According to reports, SoftBank, a technology investment firm, is selling roughly one-third of its stake in Uber. SoftBank is selling approximately $2 billion (£1.44 billion) in shares to help offset losses from its investments in Chinese ride-hailing company Didi and other ventures.
Didi’s stocks have plummeted in value since its debut in the US market less than a month ago.
This follows a series of actions by Chinese authorities that have alarmed investors.
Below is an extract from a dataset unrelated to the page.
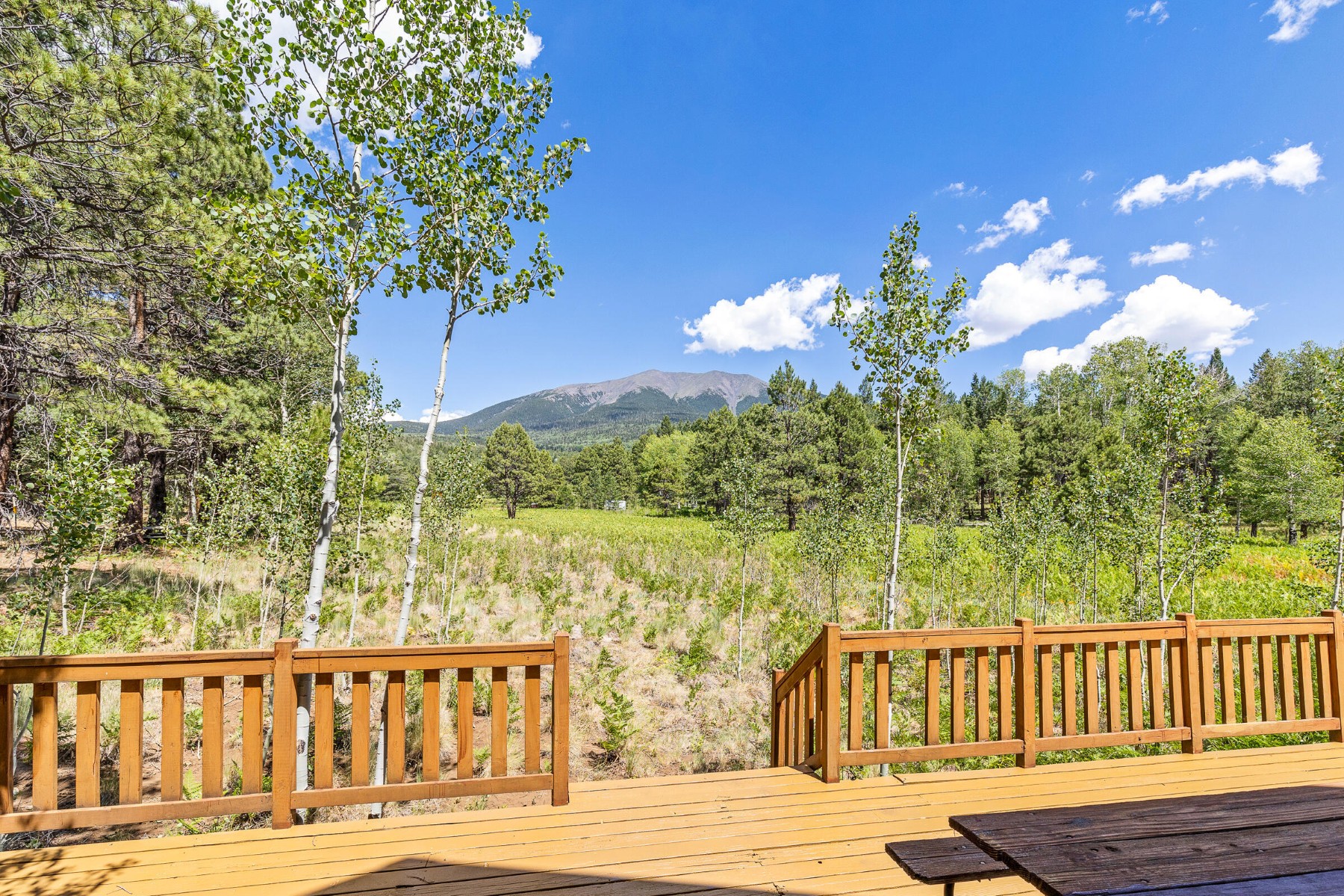  17787 N Forest Service 9004t Road ¦ Flagstaff, AZ - 物件實景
The SoftBank Vision Fund will sell 45 million shares of Uber, reducing its stake in the company by roughly one-third.
According to CNBC, the Japanese technology investment firm has lost a total of $4 billion on its stake in Chinese ride-hailing firm Didi.
According to Reuters, SoftBank’s decision to sell its Uber stake was completely unconnected to the decline in Didi’s value, and it simply felt now was a good time to take some profits.
SoftBank invested approximately $7.6 billion in Uber in 2018, followed by an additional $333 million the following year.
Didi’s largest shareholder, SoftBank, owns more than 20% of the company.
After selling its operations in China to its local rival five years ago, Uber now owns nearly 13 percent of Didi.
Didi shares have fallen nearly 40% since they began trading on the New York Stock Exchange on June 30.
However, Uber’s services include ride-hailing, food delivery (Uber Eats), package delivery, couriers, freight transportation, and electric bicycle, and motorized scooter rental through a partnership with Lime. The company is headquartered in San Francisco and operates in over 900 cities worldwide.
According to reliable sources, Uber has a 71 percent market share in ride-sharing and a 22 percent market share in food delivery in the United States.